When I was kid I never wanted to get married. Ever. I was too busy thinking about how to take over the world (for the good of mankind of course... I learned later that it's called a dictatorship..) than to ever think seriously about the opposite sex. Don't get me wrong, I did plan on having a boyfriend one day. I was going to meet some easy going guy who was madly in love with me and I would grace him with my presence maybe once a month. I was never going to be in love though. Not only was I completely against the idea of letting myself love someone, but I did not believe in it at all. I mean, divorce statistics speak for themselves. What was particularly perplexing to me was that not only can people fall in love, people can fall out of love. How can so much trust be placed on something that seems to come and go faster than the seasons change? And people just keep on going back for more. Not for me. No thanks.
And when I met Joel I felt the same way. Here was a cool easy going guy, I wouldn't mind spending some weekends with him. We liked the same stuff. It could be cool to have someone to take to parties. But then it all backfired.
Weekends were suddenly not enough. I found myself wanting to see him as much as possible. I thought about him all the time. And everything changed.
Things that had never bothered me started to bother me. Emotions got in the way. Things become messy, and complicated.
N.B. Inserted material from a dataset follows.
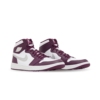 Angled front view of a full pair of Air Jordan 1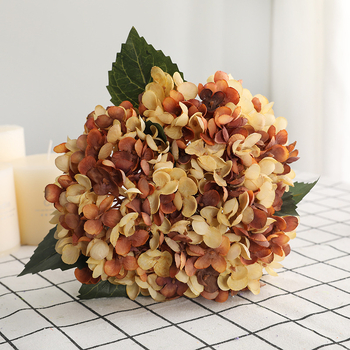 Μπουκέτο hydrangea από silk flowers — Ευρωπαϊκού στυλ ρετρό διακόσμηση σπιτιού, Bilotis, κωδικός 19097788343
Wonderful, yes. But complicated.
I started to get why people would tell me that being in a relationship was hard. People are always saying that. You always hear people talking about how they 'want to be single for a while, it's less complicated'. But then I thought about it. Being single was complicated too. Not only because of things relating to the opposite sex (why hasn't he called me? etc. etc.), But because of life.
Life is complicated.
It doesn't matter who you're with, if you're in love or not, there will always be some sort of complication. It may not be fair, but then, what is? I guess I had succumbed to the hollywood notion after all. That once you fall in love there will be fairy-tale ending. Everything is perfect from that moment on. And if you do fight you have silly fights, over things such as what to get at the grocery store. They will be cute fights, fights you look back on and laugh. But let me tell you, fights over what to get at the grocery store can suddenly mean the world to you. They can make or break a relationship.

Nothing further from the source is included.